田中は、チームメイトの堀江翔太と共に世界最高峰リーグの「スーパーラグビー」に挑戦している。ニュージーランド(NZ)、オーストラリア、南アフリカの3カ国、計15のクラブチームで行われるリーグ。日本代表でもある田中は、2011年ワールドカップ(W杯)で1勝も挙げられなかったこともあり、レベルアップを期し、海を渡った。
田中は、NZのハイランダーズでもプレーしている。タフな試合でもまれ、激しいプレッシャーをかけられた中でも、正確なパスを出せるようになった。相手と接触するコンタクトプレーも強くなった。
メンタルも、である。2月1日のプレーオフ準決勝のあと、NZに渡ってハイランダーズの練習に参加し、8日に帰国。この決勝を戦い、12日には南半球に飛び立った。「ハードスケジュールも言い訳にはならない」と、言い切るのだ。
「堀江と僕が世界に出て、その選手がいるチームが負けてしまうと、世界の価値が下がってしまう。だから、何としてでも勝とうと心に決めていました」
田中は京都府出身。京都の伏見工業高校1年生の時、全国高校ラグビーで日本一を経験した。京都産業大学を経て、三洋電機(現パナソニック)に加入する。2008年には日本代表に選出され、いまやジャパンには欠かせない中心選手となっている。

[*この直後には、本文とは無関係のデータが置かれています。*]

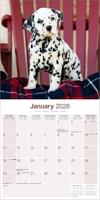 Dalmatier Kalender 2026 - thumbnail
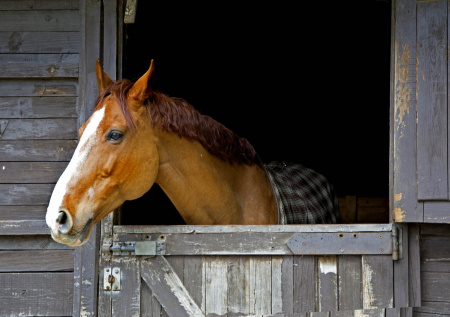 Юрист ответил, что грозит живодеру за отравление лошадей кислотой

小柄なからだは闘争心の塊である。負けず嫌いでもある。NZで得たものは?
「選手の意識の高さ、ひとり一人のラグビーに取り組む姿勢です。どんな時でも、リラックスしながら、100%の集中を見せてくれる。常にヒャクパー(100%)。準備でも、試合でも、です」
課題は? と聞けば、「ディフェンスを強くしたい」と即答した。
「高いレベルの選手と試合をしないと自分のレベルアップはない。まずは、ひとつひとつの小さいことを、もっともっとレベルアップしたい。基本プレーをもっともっと、継続してやっていきたいのです」
29歳はそう言って、少年のごとく、目を輝かせるのである。ああ『向上心』とは尊い。そして、まぶしい。